Präsident Mag. Wolfgang Erlitz: Zu Wort gemeldet hat sich Herr Bundesrat Breiner. Ich erteile ihm dieses.

 


13.05.00

Bundesrat Franz Breiner (Grüne, Oberösterreich): Sehr geehrter Herr Präsident! Sehr geehrte Frau Ministerin! Werte Kolleginnen und Kollegen auch von der SPÖ-Fraktion, die diesmal den Saal nicht verlässt, wenn ich zu reden beginne! Schuldenberatung – eine wichtige Institution. Besonders wichtig finde ich, dass sie mit Qualitätsstandards versehen wird, besonders wichtig finde ich, dass diesen Qualitätsstandards eine staatliche Anerkennung folgt.

Nicht selten bieten diejenigen, die einen Nutzen daraus haben, Schuldenberatung an, und diejenigen, die sie eigentlich bitter nötig hätten, rauschen noch tiefer in ihr Schul­denelend.

Wichtig aber ist, wenn wir schon so eine positive Einrichtung haben, dass diese auch benutzbar wird, das heißt, leicht zugänglich für die Bürger. Kollege Kühnel hat gesagt, sie muss kostenlos sein. Der Meinung bin ich auch, denn wie will man bei einem Menschen, der ohnehin schon bis über den Hals verschuldet ist, noch Kosten eintreiben?
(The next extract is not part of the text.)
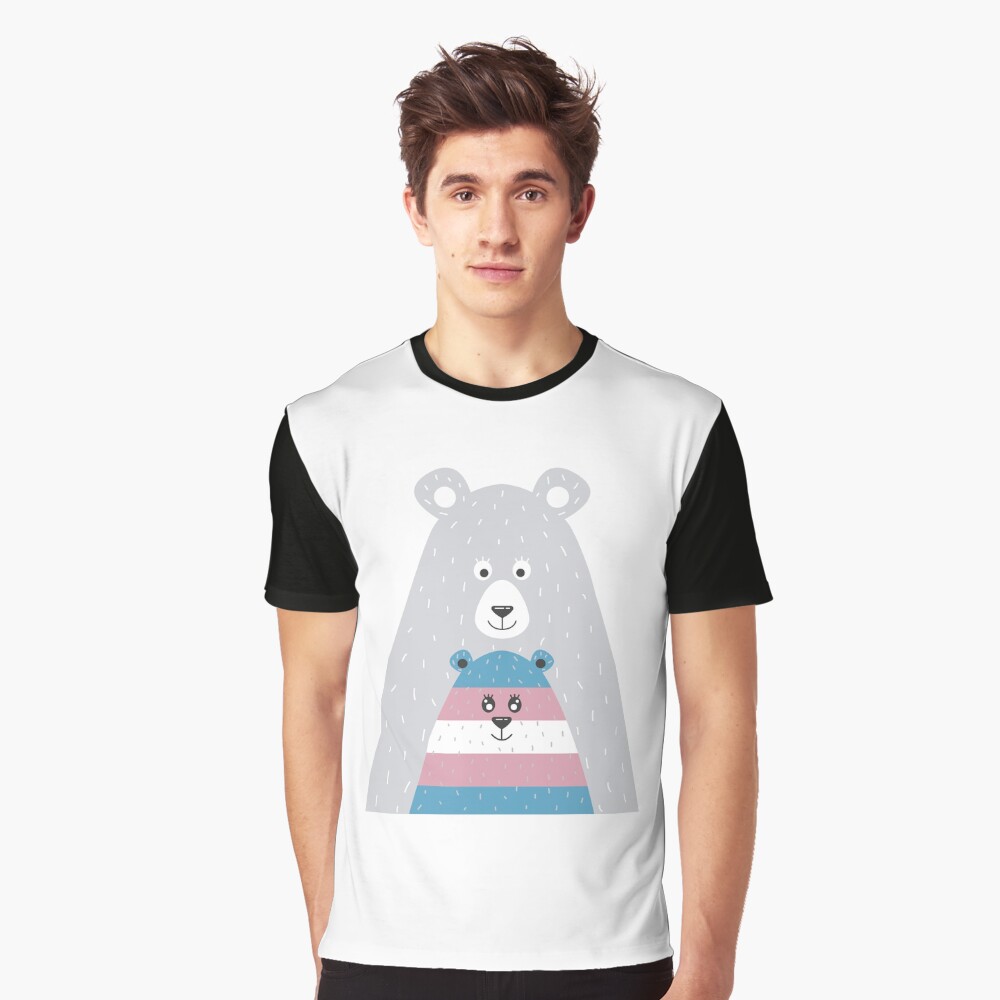 Artikel-Vorschau von Grafik T-Shirt, designt und verkauft von thequeershop.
Wichtig ist – da halte ich mich an den Kollegen Schimböck –, dass natürlich Prävention Vorrang haben muss – wir wissen, dass auch jetzt schon Mitarbeiter der Schulden­beratung in den Schulen tätig sind, und ich nehme an, dass das auch weiterhin geschehen wird –, aber wichtig ist auch – da gebe ich ja dem Kollegen Kühnel Recht –, dass die Verlockungen der Wirtschaft, die Verlockungen des Einkaufens, die leichten Zugänge zu Geld, zu Krediten – das Handy ist eines der Beispiele – für Schülerinnen und Schüler tatsächlich eine Verlockung darstellen, der sie häufig nicht widerstehen können und der man großteils auch machtlos gegenübersteht, weil man ja davon teilweise nicht einmal weiß.
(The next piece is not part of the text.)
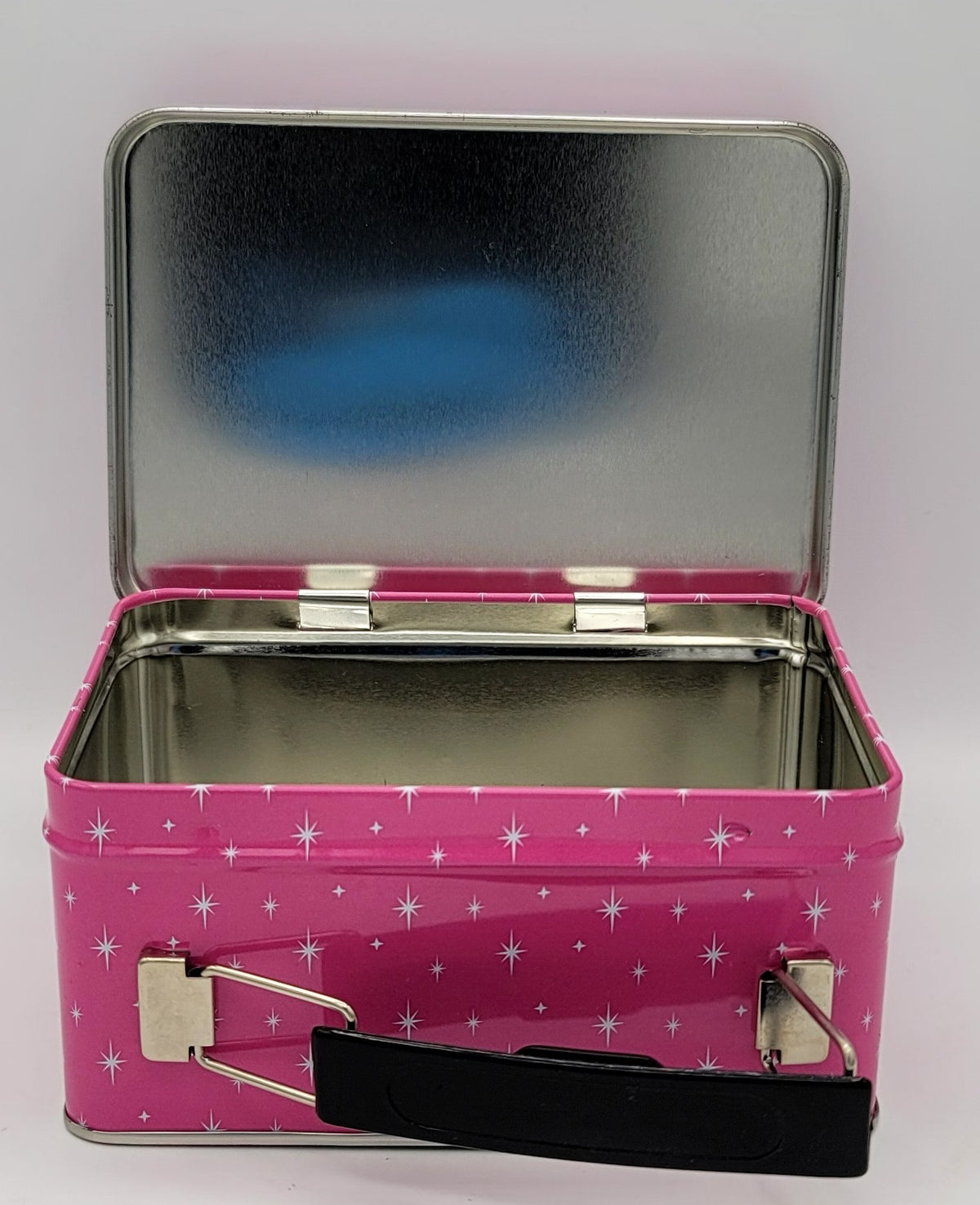 Disney Princess Magical Dreams Pink Metal Lunch Box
BundesratStenographisches Protokoll748. Sitzung / Seite 64

Wir wissen, was Handyrechnungen ausmachen, wir wissen, was Einkäufe ausmachen, die SchülerInnen tätigen. Diese Kosten werden dann von den Eltern übernommen. Wie also sollen Schüler dann lernen, wie man Schulden begleicht?

Neulich habe ich mir den Herrn Scharinger von der RAIKA angehört, der sagte, man müsse den Jugendlichen möglichst schnell zu einer Scheckkarte verhelfen und sie möglichst schnell auch die Erfahrung machen lassen, was es heißt, den Rahmen – er hat zwar gesagt, in einem ganz geringen Ausmaß – zu überziehen. Daraus kann man durchaus einen löblichen Gedanken ableiten, aber in Wirklichkeit wird es viele doch nur verlocken, diesen Rahmen allzu schnell auszunützen, und mit der Schulden­rück­zahlung wird man dann schnell in die Bredouille kommen.
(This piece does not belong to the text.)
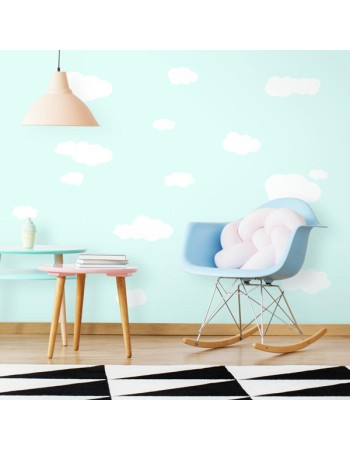 wall stickers - clouds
Wir wissen auch, dass Schulen ihre Schülerinnen und Schüler immer zu Banken bringen, wo ein Vortrag über Angebote der Bank gehalten wird, wo auch ein Vortrag gehalten wird, dass man diese Schulden, die man anhäuft, wieder zurückzahlen muss. Schülern aber bewusst zu machen, wie schwierig dies ist, ist nahezu unmöglich. Denn was für einen Zeitbegriff haben Schüler, was heißt es für einen Schüler oder eine Schülerin, 1 000 € Schulden zu haben? – Das klingt für einen Erwachsenen durchaus noch ganz lapidar, das würde ihn auch noch nicht zur Schuldnerberatung bringen, aber Schüler können sich das einfach nicht vorstellen. Man kann ihnen auch nicht wirklich klarmachen, dass man mit ihrem Taschengeld dann halt zehn Jahre sparen müsste, bis das zurückgezahlt ist.

Ich denke, dass es vielerlei Dinge bedarf, um hier effektiv zu sein, ich denke aber auch, dass wir dazu übergehen sollten, dass sich Banken, Handybetreiber tatsächlich daran halten, sich über die Kreditfähigkeit ihrer Klientel klar zu werden und dass sie den Rahmen für diese Kreditwürdigkeit – soweit sie nicht belogen werden – sehr eng setzen sollten.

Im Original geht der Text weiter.